→ Exercise description
Repeat exactly the lines of the records below, starting at the line containing "Толстовка с капюшоном трикотажная" and ending at the line containing "Digitalisierte Landwirtschaft. Bild: Igor". Leave the pictures out.

→ Materials provided
• • •

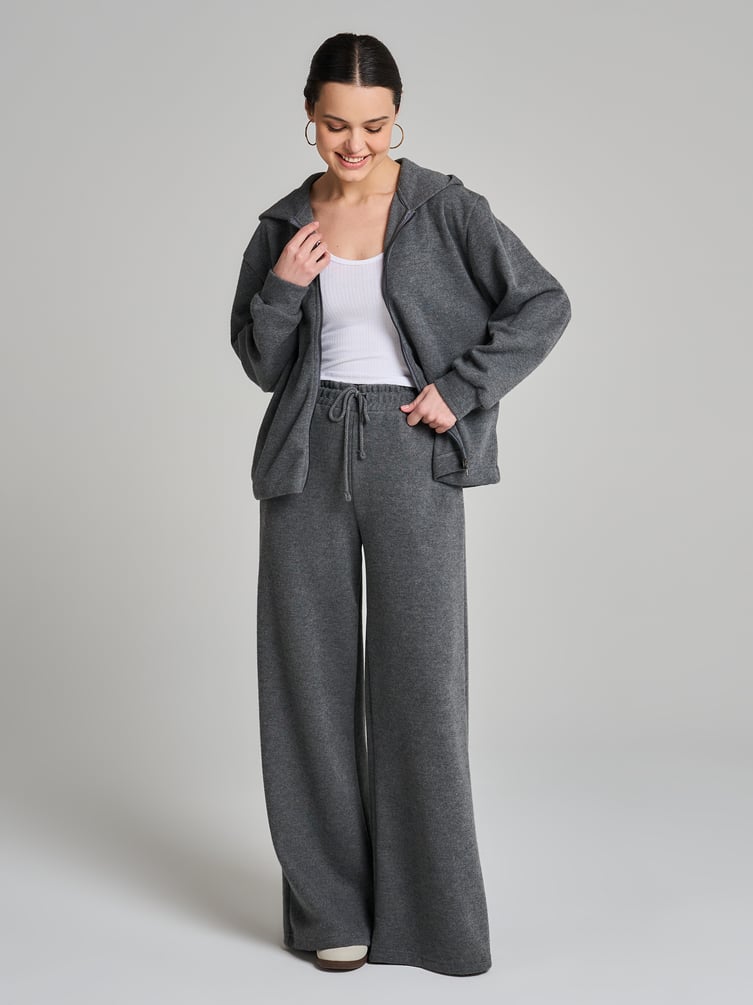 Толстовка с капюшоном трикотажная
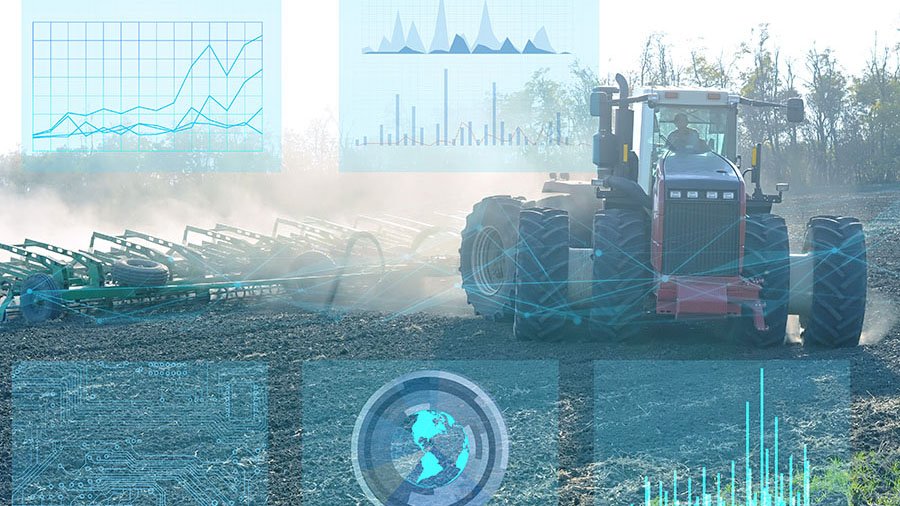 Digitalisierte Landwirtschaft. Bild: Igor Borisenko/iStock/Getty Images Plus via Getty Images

• • •

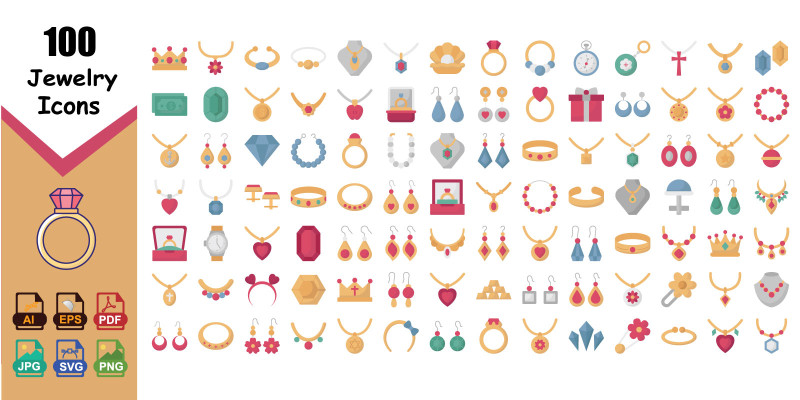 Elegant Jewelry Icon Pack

• • •

→ Problem solution
 Толстовка с капюшоном трикотажная
 Digitalisierte Landwirtschaft. Bild: Igor Borisenko/iStock/Getty Images Plus via Getty Images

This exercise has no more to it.